## WHAT TO DO
From the listing below, retype exactly the line holding "Зонт с принтом FABRETTI", the line holding "By Noor logo design by axel182", and the lines between them; skip everything else.

## ENTRIES PROVIDED
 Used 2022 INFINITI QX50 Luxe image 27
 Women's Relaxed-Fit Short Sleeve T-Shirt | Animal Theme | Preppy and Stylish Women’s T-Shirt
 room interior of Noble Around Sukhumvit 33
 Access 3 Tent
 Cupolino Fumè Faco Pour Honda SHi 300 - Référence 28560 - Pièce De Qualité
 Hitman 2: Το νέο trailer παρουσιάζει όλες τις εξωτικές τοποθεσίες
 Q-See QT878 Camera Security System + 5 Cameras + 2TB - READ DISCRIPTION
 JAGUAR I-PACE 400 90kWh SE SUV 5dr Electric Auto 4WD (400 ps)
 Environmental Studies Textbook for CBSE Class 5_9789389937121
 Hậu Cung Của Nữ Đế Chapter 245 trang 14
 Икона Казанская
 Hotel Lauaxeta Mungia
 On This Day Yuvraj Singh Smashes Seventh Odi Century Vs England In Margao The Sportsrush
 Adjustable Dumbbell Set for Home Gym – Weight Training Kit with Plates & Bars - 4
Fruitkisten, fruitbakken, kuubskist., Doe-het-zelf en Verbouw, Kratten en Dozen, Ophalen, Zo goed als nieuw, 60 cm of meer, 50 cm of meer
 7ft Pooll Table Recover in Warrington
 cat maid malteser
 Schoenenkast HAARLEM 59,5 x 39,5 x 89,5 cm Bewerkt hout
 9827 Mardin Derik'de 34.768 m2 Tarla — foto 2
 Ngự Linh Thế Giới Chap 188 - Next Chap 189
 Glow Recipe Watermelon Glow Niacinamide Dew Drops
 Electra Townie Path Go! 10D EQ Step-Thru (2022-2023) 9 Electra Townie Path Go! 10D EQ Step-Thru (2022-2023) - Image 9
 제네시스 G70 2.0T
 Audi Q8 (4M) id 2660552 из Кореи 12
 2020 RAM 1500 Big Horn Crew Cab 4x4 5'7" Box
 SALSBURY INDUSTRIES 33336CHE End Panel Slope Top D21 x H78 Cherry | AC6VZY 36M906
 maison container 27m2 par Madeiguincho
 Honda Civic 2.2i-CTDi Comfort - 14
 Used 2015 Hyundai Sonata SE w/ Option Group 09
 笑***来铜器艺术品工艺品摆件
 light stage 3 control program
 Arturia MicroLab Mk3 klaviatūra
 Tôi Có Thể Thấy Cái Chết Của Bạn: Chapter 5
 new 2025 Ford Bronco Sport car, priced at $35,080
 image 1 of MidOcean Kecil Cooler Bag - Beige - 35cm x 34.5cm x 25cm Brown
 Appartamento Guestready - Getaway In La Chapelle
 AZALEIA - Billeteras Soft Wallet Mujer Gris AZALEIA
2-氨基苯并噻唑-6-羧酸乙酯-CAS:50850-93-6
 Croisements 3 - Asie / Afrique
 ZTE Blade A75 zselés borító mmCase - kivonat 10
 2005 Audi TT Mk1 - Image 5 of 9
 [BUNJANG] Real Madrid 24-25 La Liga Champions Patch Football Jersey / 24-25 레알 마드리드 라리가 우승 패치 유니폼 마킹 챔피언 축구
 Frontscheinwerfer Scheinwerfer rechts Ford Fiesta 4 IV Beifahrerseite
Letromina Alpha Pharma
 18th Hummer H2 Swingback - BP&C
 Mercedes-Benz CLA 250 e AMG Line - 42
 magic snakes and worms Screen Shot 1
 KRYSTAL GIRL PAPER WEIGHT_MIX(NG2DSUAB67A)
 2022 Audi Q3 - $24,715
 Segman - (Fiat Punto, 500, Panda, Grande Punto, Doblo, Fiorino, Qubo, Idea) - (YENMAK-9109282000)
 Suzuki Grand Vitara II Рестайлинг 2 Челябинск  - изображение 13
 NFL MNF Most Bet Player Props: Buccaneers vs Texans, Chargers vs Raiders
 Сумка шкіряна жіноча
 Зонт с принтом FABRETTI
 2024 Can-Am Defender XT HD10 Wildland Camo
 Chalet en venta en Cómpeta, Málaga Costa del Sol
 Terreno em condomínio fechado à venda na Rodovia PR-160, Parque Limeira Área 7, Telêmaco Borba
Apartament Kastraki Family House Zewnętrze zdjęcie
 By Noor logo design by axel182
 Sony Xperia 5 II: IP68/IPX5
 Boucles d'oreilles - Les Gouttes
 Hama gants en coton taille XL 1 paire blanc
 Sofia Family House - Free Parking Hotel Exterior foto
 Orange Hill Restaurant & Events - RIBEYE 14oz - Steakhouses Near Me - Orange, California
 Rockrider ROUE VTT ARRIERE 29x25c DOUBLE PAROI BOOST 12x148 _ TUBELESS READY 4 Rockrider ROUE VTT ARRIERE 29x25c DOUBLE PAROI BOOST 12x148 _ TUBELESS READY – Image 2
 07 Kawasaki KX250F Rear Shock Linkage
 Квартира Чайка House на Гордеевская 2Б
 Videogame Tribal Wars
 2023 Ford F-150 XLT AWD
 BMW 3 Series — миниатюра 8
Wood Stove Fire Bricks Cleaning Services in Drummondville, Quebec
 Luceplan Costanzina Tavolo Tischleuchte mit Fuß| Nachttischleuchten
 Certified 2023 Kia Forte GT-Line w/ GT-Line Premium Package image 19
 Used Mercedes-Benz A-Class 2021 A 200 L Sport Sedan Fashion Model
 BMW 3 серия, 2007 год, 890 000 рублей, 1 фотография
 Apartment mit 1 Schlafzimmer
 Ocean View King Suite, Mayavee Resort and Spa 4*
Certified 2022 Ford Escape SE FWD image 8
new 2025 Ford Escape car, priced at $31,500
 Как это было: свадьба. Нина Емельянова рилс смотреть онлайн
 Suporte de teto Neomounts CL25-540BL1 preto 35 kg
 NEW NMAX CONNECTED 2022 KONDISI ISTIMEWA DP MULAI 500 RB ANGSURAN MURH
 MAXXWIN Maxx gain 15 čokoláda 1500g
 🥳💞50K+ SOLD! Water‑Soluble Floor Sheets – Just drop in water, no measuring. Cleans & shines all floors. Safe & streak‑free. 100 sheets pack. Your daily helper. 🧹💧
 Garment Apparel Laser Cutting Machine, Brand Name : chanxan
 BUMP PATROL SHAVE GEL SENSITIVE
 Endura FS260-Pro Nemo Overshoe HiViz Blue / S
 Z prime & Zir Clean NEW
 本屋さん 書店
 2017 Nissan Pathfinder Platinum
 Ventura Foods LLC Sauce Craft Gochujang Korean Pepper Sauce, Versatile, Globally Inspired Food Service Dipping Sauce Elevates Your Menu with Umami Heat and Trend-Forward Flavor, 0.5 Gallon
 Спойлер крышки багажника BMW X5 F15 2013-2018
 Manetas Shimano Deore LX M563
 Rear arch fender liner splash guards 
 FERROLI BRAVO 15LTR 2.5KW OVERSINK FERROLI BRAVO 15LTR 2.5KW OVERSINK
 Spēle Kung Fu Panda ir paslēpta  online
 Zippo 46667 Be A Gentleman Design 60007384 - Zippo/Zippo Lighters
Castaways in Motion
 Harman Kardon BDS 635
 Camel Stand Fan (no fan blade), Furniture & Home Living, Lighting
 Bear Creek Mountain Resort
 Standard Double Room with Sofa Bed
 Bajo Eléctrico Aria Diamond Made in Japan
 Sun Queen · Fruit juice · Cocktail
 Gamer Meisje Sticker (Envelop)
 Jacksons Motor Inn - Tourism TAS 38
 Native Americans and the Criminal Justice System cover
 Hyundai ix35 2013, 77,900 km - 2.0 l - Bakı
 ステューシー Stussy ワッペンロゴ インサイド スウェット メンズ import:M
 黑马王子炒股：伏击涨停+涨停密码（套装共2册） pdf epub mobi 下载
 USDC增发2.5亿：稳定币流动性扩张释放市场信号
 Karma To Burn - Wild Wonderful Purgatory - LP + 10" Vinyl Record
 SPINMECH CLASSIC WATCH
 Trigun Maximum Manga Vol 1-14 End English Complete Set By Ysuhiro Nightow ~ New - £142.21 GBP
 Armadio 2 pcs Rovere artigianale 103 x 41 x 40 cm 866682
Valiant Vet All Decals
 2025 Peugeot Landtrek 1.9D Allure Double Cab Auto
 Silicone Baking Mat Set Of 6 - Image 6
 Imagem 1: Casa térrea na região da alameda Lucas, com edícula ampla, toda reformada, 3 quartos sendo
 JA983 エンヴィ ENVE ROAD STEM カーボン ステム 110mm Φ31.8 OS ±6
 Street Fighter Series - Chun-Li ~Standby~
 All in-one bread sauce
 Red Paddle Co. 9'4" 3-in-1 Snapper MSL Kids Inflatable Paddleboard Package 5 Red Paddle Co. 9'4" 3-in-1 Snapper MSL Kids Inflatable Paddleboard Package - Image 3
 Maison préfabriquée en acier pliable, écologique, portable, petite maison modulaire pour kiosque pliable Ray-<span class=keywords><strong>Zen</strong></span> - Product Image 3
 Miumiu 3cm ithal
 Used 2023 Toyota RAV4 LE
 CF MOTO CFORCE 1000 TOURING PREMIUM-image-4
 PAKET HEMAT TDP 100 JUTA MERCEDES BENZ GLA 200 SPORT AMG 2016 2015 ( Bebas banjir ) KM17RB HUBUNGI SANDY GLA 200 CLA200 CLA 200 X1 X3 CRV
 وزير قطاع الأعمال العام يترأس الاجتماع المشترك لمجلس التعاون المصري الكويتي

## ANSWER BELOW
 Зонт с принтом FABRETTI
 2024 Can-Am Defender XT HD10 Wildland Camo
 Chalet en venta en Cómpeta, Málaga Costa del Sol
 Terreno em condomínio fechado à venda na Rodovia PR-160, Parque Limeira Área 7, Telêmaco Borba
Apartament Kastraki Family House Zewnętrze zdjęcie
 By Noor logo design by axel182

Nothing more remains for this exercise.